* [EXERCISE REQUIREMENTS]: Make an exact copy, without pictures, of the lines below from the one containing "Amazon Essentials Men's" to the last line, both ends included.

**** SUPPLIED DATA ****

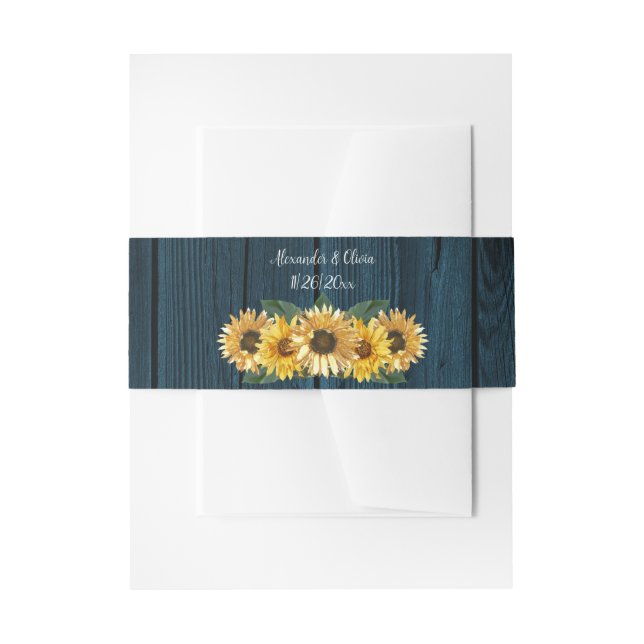 Cintas Para Invitaciones Girasol azul ruso (Anverso Ejemplo)
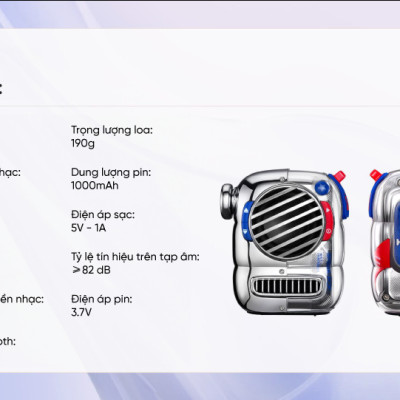 Loa Bluetooth Divoom Spark-Pop công suất 5W, thiết kế ấn tượng dung lượng pin 1000mAh - Hàng chính hãng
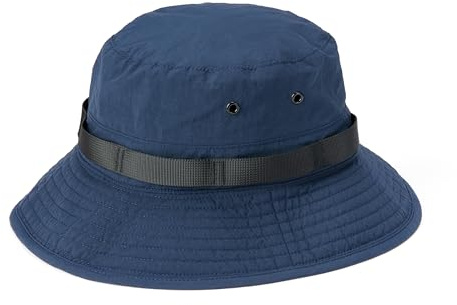 Amazon Essentials Men's Washed Nylon Outdoor Wide Brim Sun Bucket Hat, Navy, Large-X-Large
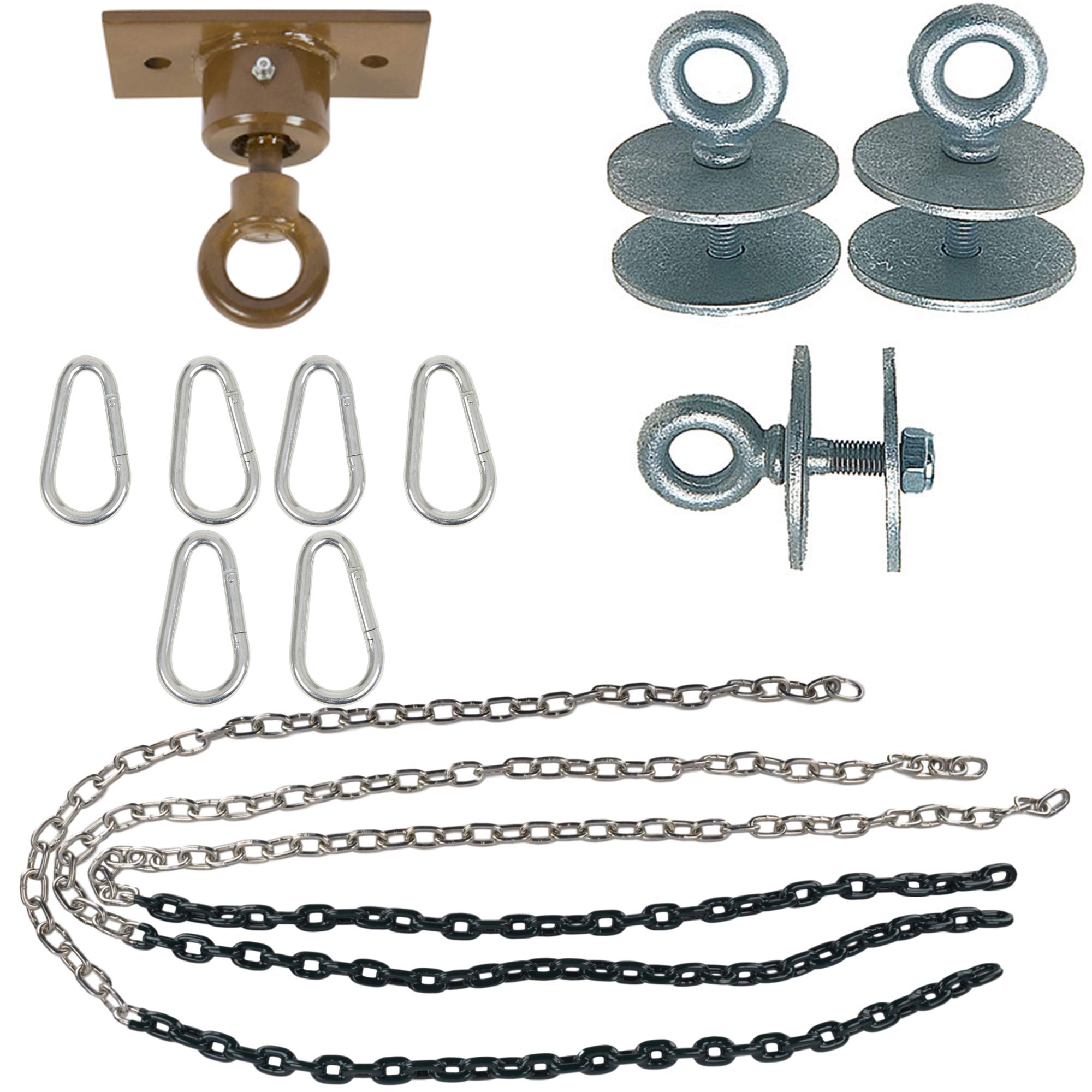 **Heavy Duty Tire Swivel Kit for Swing Sets - Green with SSS Logo Sticker | Outdoor Play Equipment, Backyard Swing Accessories, Kids Playground Gear**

****

* [SOLUTION TO THIS EXERCISE]:
 Amazon Essentials Men's Washed Nylon Outdoor Wide Brim Sun Bucket Hat, Navy, Large-X-Large
 **Heavy Duty Tire Swivel Kit for Swing Sets - Green with SSS Logo Sticker | Outdoor Play Equipment, Backyard Swing Accessories, Kids Playground Gear**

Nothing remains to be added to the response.